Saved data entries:
((
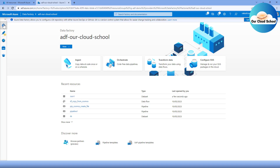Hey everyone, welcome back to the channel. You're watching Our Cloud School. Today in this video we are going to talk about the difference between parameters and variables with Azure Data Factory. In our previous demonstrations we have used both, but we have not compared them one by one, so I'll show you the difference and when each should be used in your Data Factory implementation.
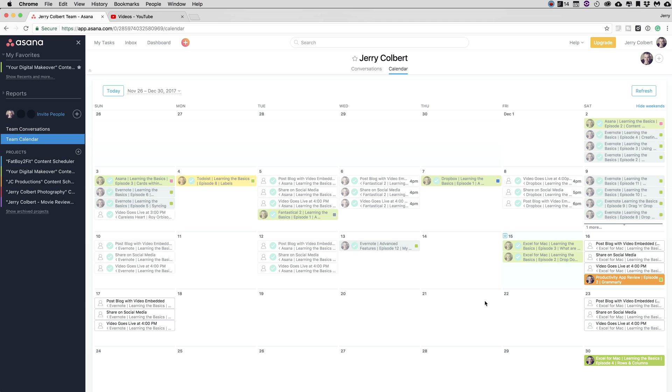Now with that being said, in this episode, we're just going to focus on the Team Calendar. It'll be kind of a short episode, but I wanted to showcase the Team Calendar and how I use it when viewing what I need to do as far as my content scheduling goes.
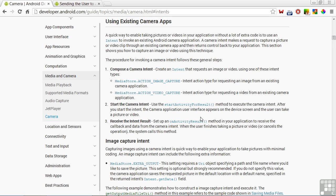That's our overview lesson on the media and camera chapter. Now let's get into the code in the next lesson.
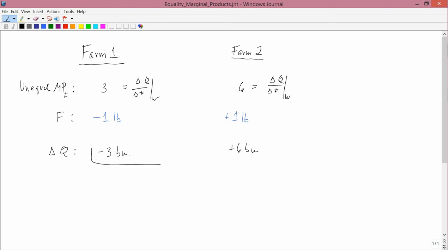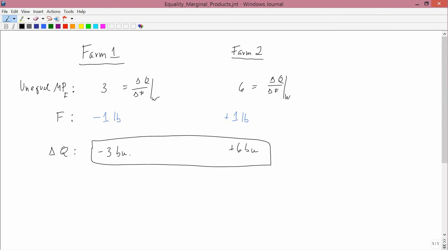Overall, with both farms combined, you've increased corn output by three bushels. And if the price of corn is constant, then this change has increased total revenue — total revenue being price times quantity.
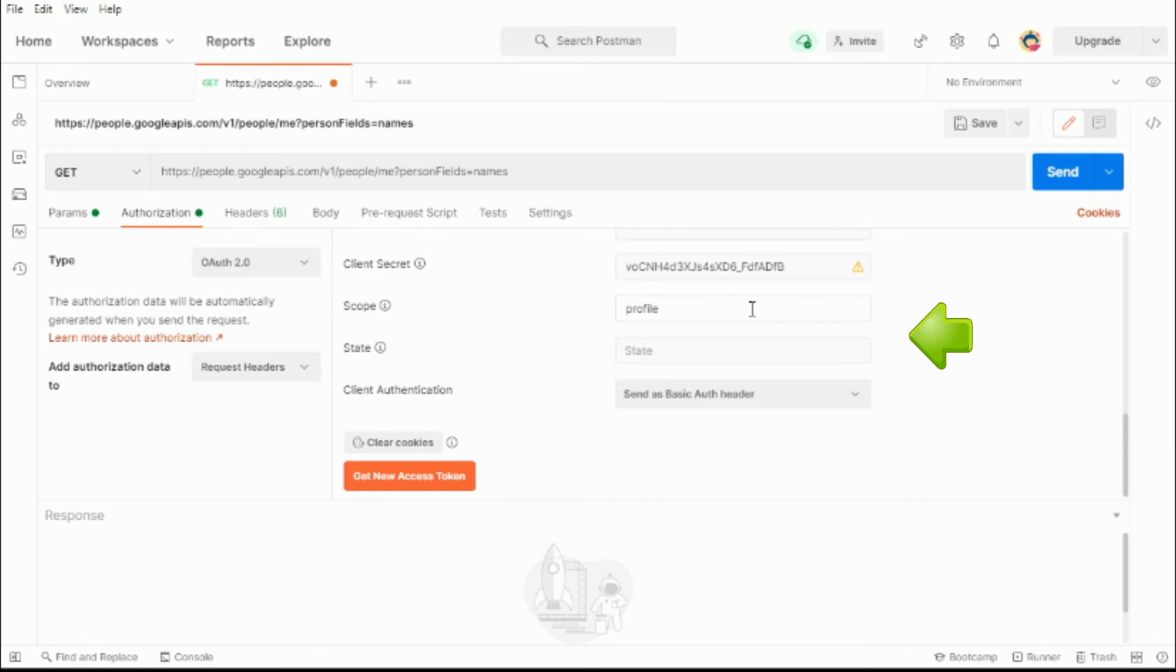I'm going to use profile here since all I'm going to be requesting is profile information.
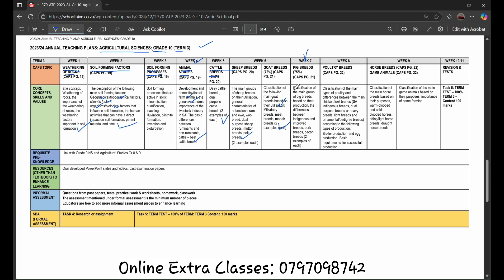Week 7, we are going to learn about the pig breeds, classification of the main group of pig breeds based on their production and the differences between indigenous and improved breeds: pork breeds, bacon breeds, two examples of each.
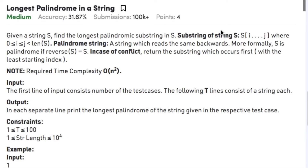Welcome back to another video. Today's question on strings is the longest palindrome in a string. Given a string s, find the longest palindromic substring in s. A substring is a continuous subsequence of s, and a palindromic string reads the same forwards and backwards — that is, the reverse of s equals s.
))
Would you write out exactly the lines above, starting at the line containing "That's our overview" and stopping after the line containing "I'm going to use"? Omit the pictures.

ANSWER TO THE PROBLEM:
That's our overview lesson on the media and camera chapter. Now let's get into the code in the next lesson.
Overall, with both farms combined, you've increased corn output by three bushels. And if the price of corn is constant, then this change has increased total revenue — total revenue being price times quantity.
I'm going to use profile here since all I'm going to be requesting is profile information.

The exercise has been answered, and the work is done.